Fractional outcomes are common. You might be modeling participation rates in a 401(k) pension plan, the pass rate on standardized tests, expenditure shares, or the like.
Fractional response models are a flexible and intuitive way to model outcomes that lie between 0 and 1. They do not have the problem of linear models that will yield predictions outside 0 and 1 or the problem of log-odds models that are undefined at 0 and 1. Fractional response models can be fit using the fracreg command.
What if you are concerned that one or more of your model covariates are endogenous? With the new ivfprobit command, you can fit a model for a fractional dependent variable and account for endogeneity in one or more of the covariates.
Let’s see it work
We want to study 401(k) participation rate (prate). We believe that corporate employment size (ltotemp) and its square are determinants of participation rates, as are an indicator of whether the 401(k) is the sole pension plan (sole) and the plan matching rate (mrate). We believe, however, that the plan matching rate is endogenous. In other words, there are unobserved determinants of participation rates that also affect the plan matching rate. For instance, matching rate and participation rate might be associated with industry practices and regional practices not observable in the data. To address endogeneity, we instrument matching rate using the age of the plan (age) and its square.
We type
. ivfprobit prate c.ltotemp##c.ltotemp i.sole (mrate = c.age##c.age)

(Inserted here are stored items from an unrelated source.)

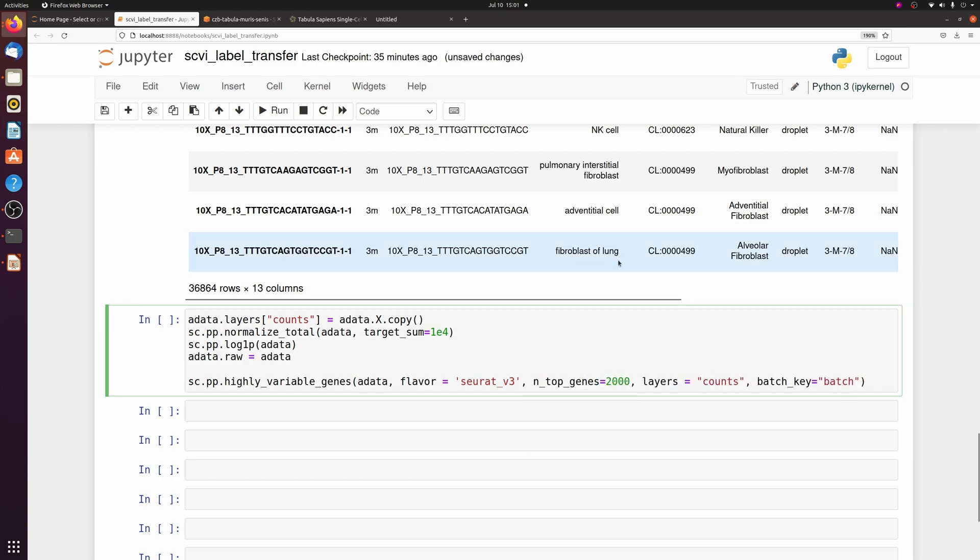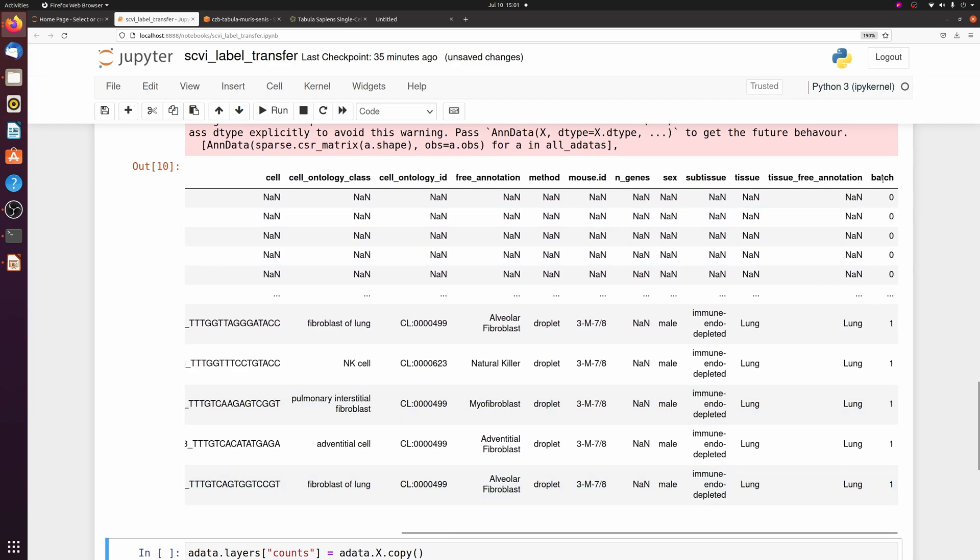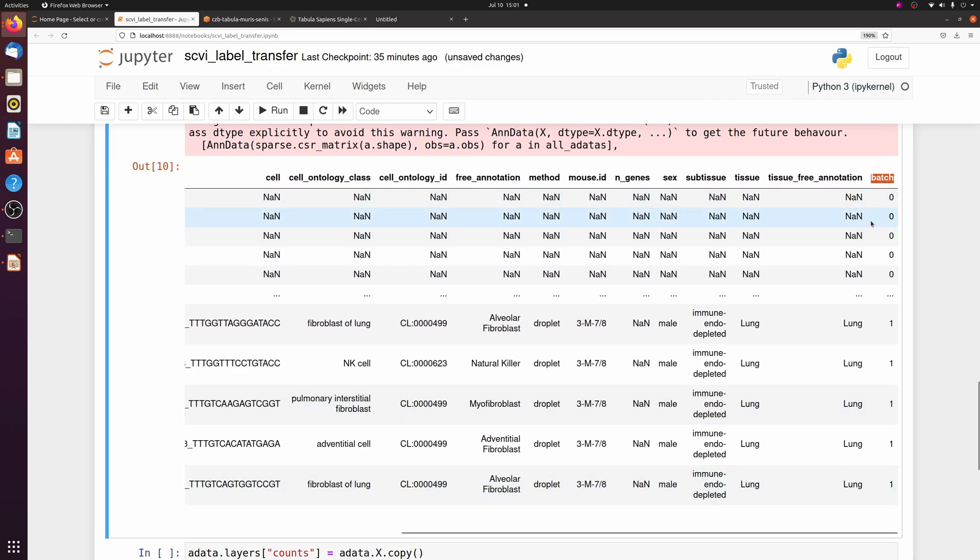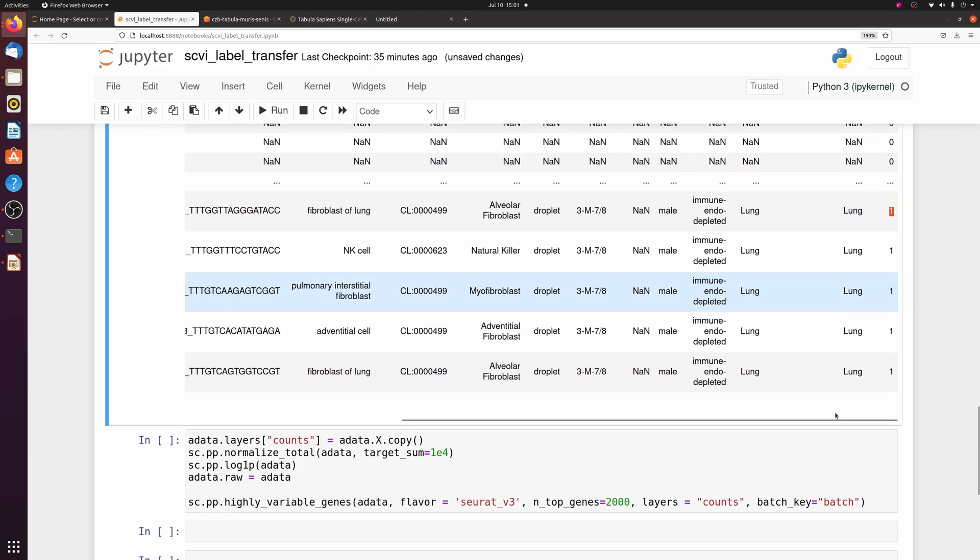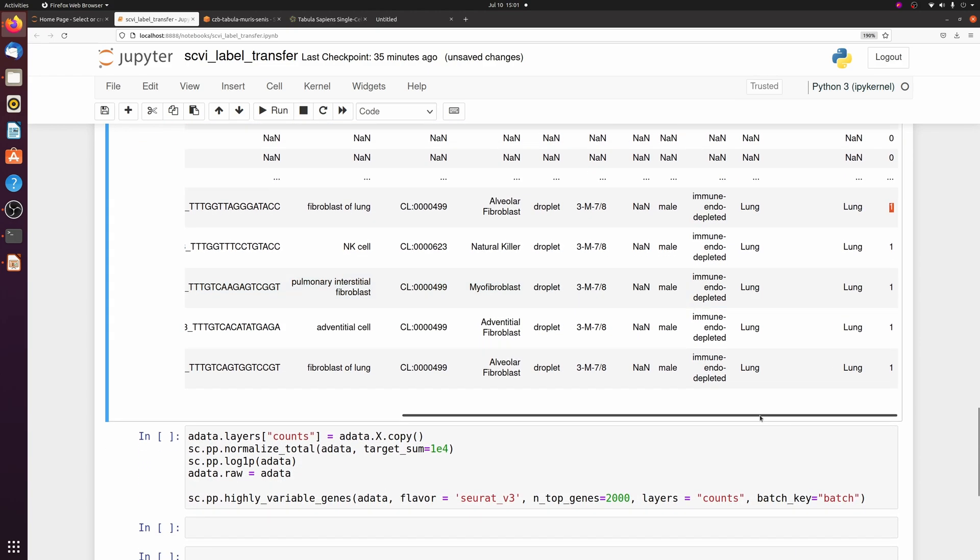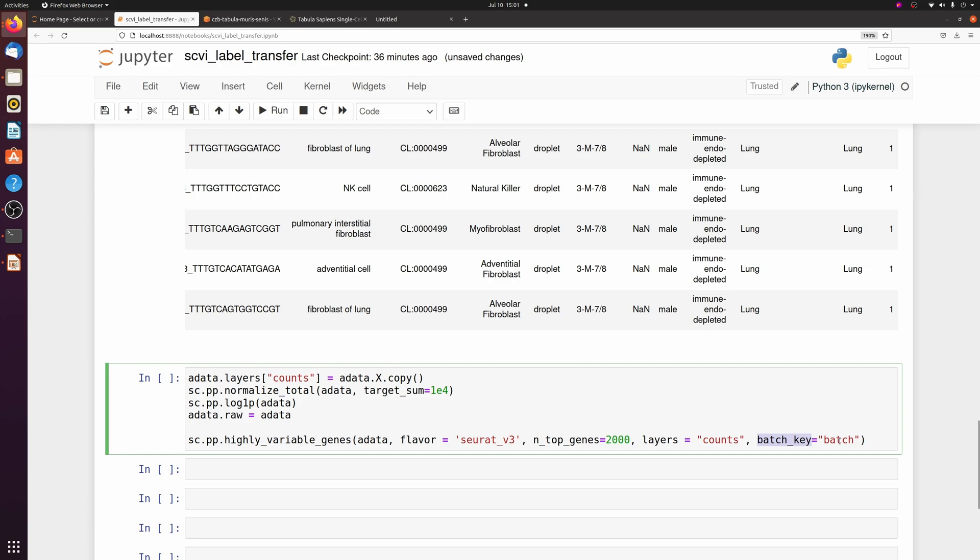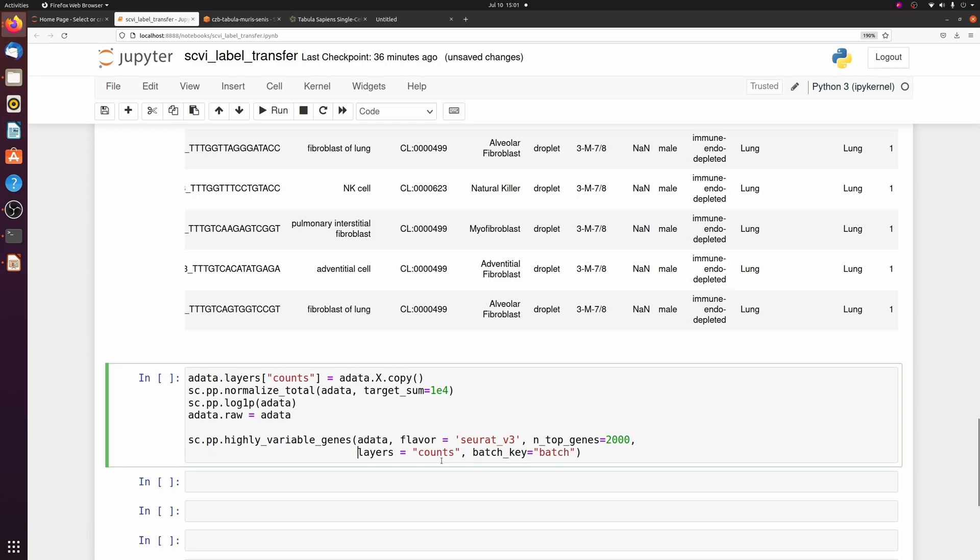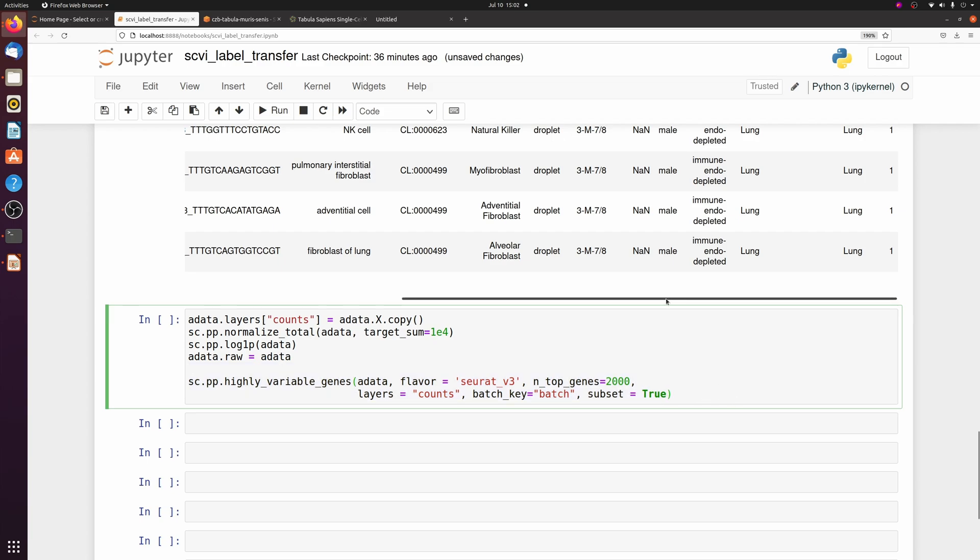So let's just set up our scvi object. I should point out that when you do the concatenate function, it adds a new batch column, so whatever you're concatenating onto will always be zero and then the rest will be added as one or higher if you have additional samples. So our batch key is just going to be the batch, which is that column name. All we're really doing here is saving a counts layer and then finding the top 2000 variable genes so that we can train the model without it taking forever.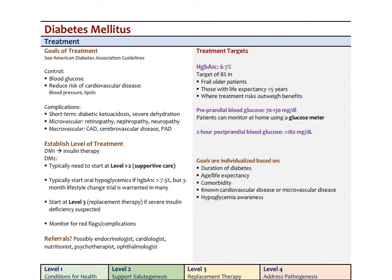Regarding treatments for diabetes: the goals come from the American Diabetes Association guidelines, integrating evidence on adjunctive therapies. Main goals are glucose control and decreasing cardiovascular disease risk by managing blood pressure and lipids. Short-term complications — DKA and severe dehydration — occur more in type 1 versus type 2. Microvascular effects — retinopathy, nephropathy, neuropathy — are more common in type 2 because most type 1 patients are tightly regulated on insulin. Macrovascular complications include coronary artery disease, cerebrovascular disease, and peripheral artery disease.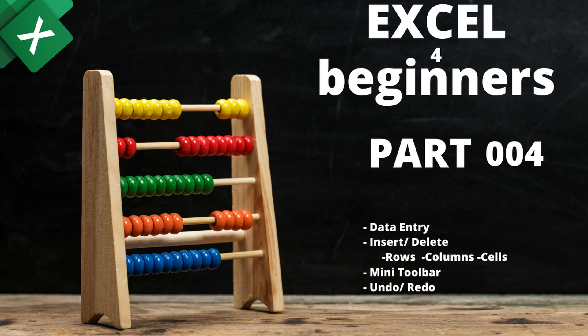Welcome to part 4 of Excel for beginners. In this video we will cover data entry, insert, delete, rows, columns and cells, mini toolbar, undo, and redo.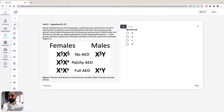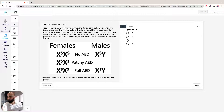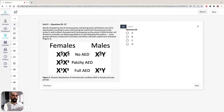Recall that females have two X chromosomes, and during early cell division, one is going to be deactivated. This means that some cells are going to have the maternal X chromosome as the active X chromosome, and some are going to have the paternal X chromosome as the active X chromosome. Keep that in mind for future GAMSAT questions that might ask something similar.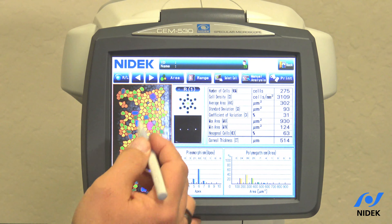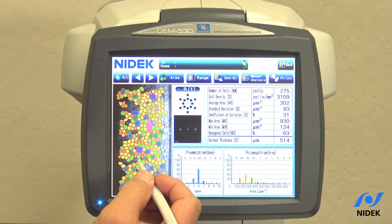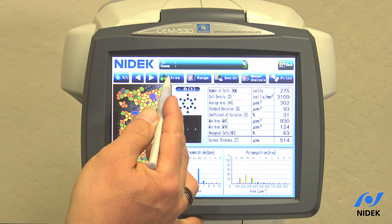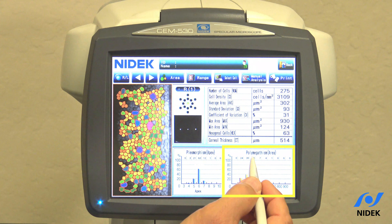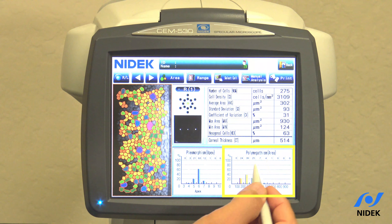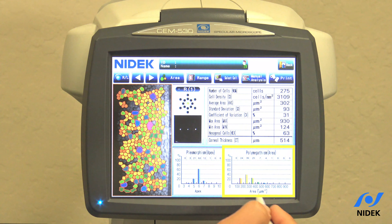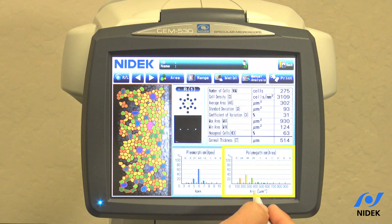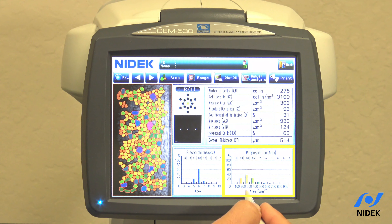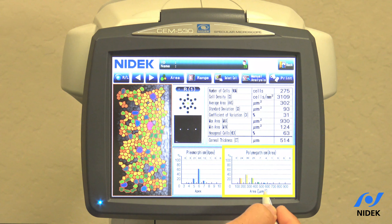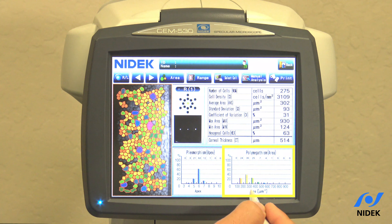As you can see here it's color-coded. This is the area which is our polymegethism area. It's color-coded here in the percentage of the most cells that are determined by the size.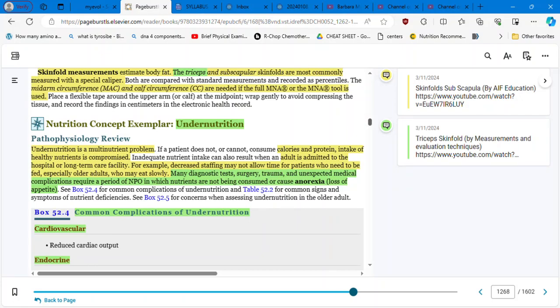Hello, hello students! Welcome to part two of this chapter, Concepts of Care for Patients with Malnutrition. And right now, we are going to cover the undernutrition part.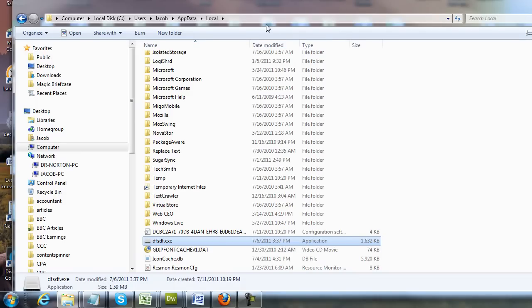Hi, this is Jacob with RemoveVirus.org and the purpose of this video is to show you how to delete a file from your computer.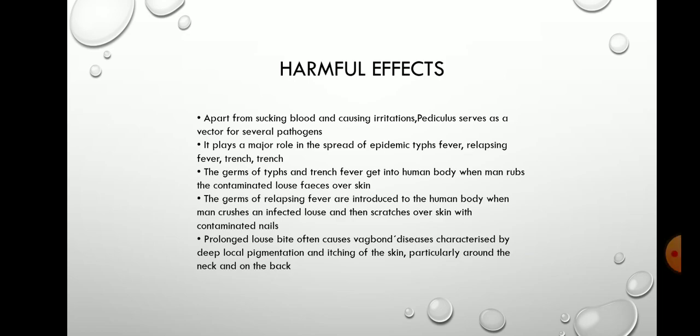Harmful Effects: Apart from sucking blood and causing irritation, Pediculus serves as a vector for several pathogens. It plays a major role in the spread of epidemic typhus fever, relapsing fever, and trench fever.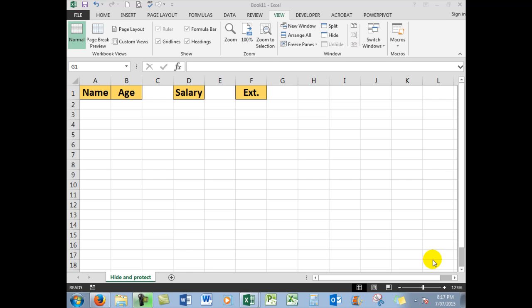You'll notice that this particular worksheet is called 'hide and protect' because what I'd like to show you first of all is how to hide columns that you do not wish to use so that you're not distracted by other cells.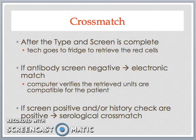This electronic or computer-assisted cross-match is the final safety check in the blood bank that ensures the correct blood product of the ABO/RH group is issued and dedicated to a specific patient before the units are released from inventory. But what if the antibody screen is positive and/or the history check is positive? Then the technologist must perform a serological cross-match instead, and we need to discuss the clinical implications of a positive antibody screen.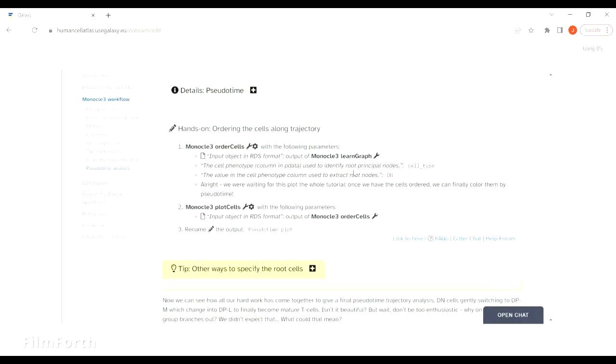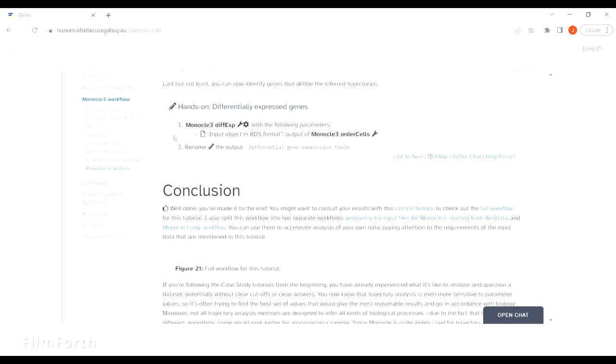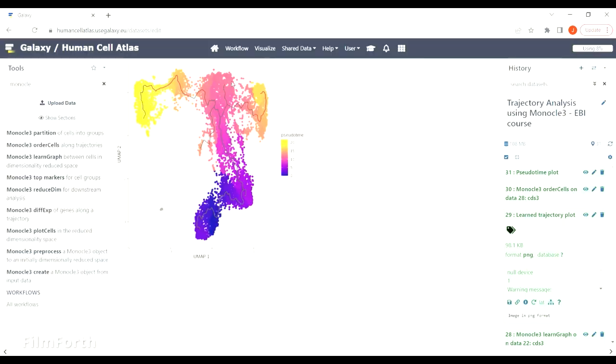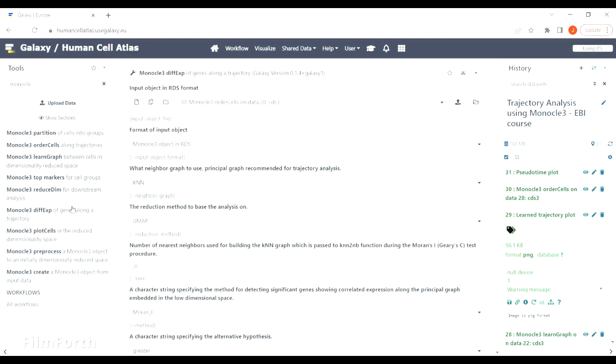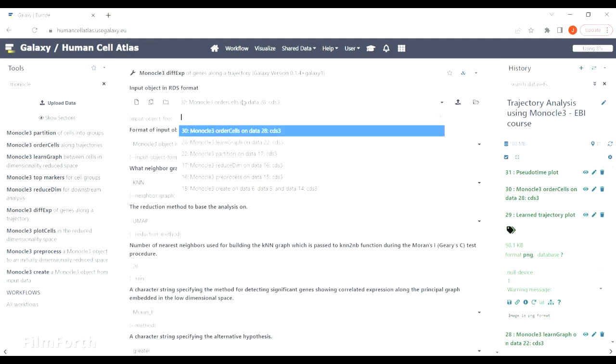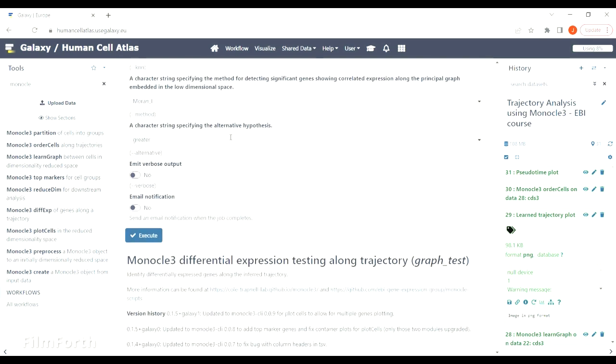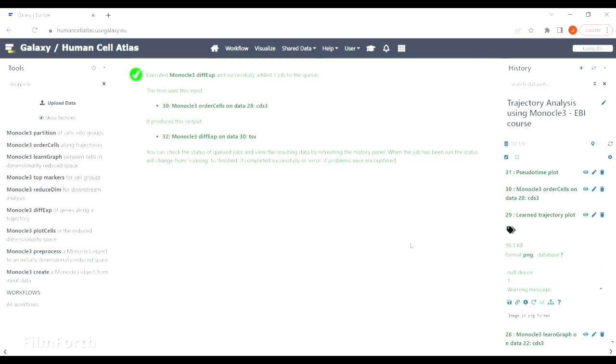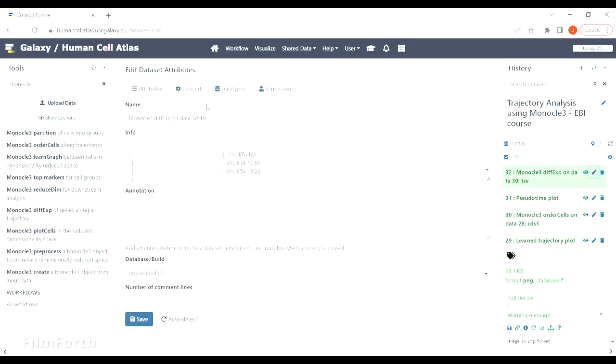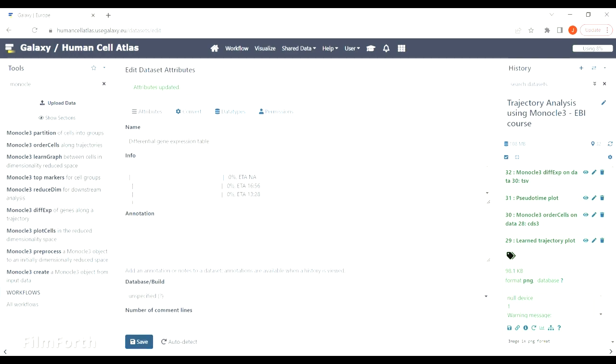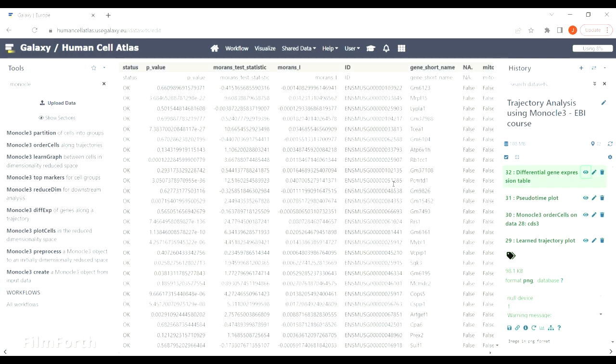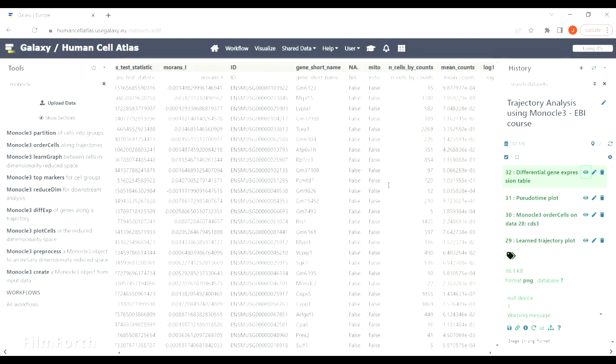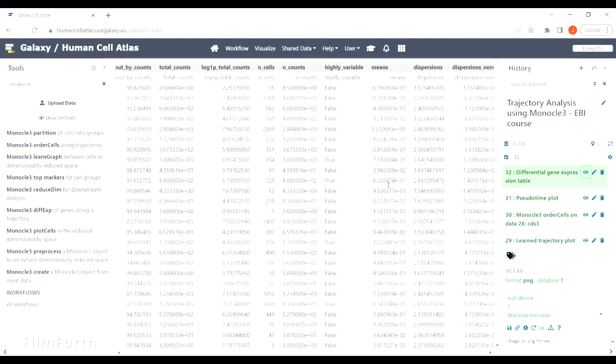Now there is actually a lot of other things you can do to analyze this data more in depth, but in Galaxy we will only use the tool for differential gene expression. There is a bunch of information that you can use for downstream analysis, but the aim of this tutorial was to show you the tools available in Galaxy to perform trajectory analysis using Monocle 3.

Inside the parentheses is the endogenous variable along with the instrumental variables we used to model it. Outside the parentheses are the exogenous variables, that affect prate directly. We get
We find a positive effect of the matching rate on the participation rate. Additionally, we see that the estimated correlation between the unobservables, corr(e.mrate, e.prate), is different from zero. This means there is evidence to support our endogeneity conjecture.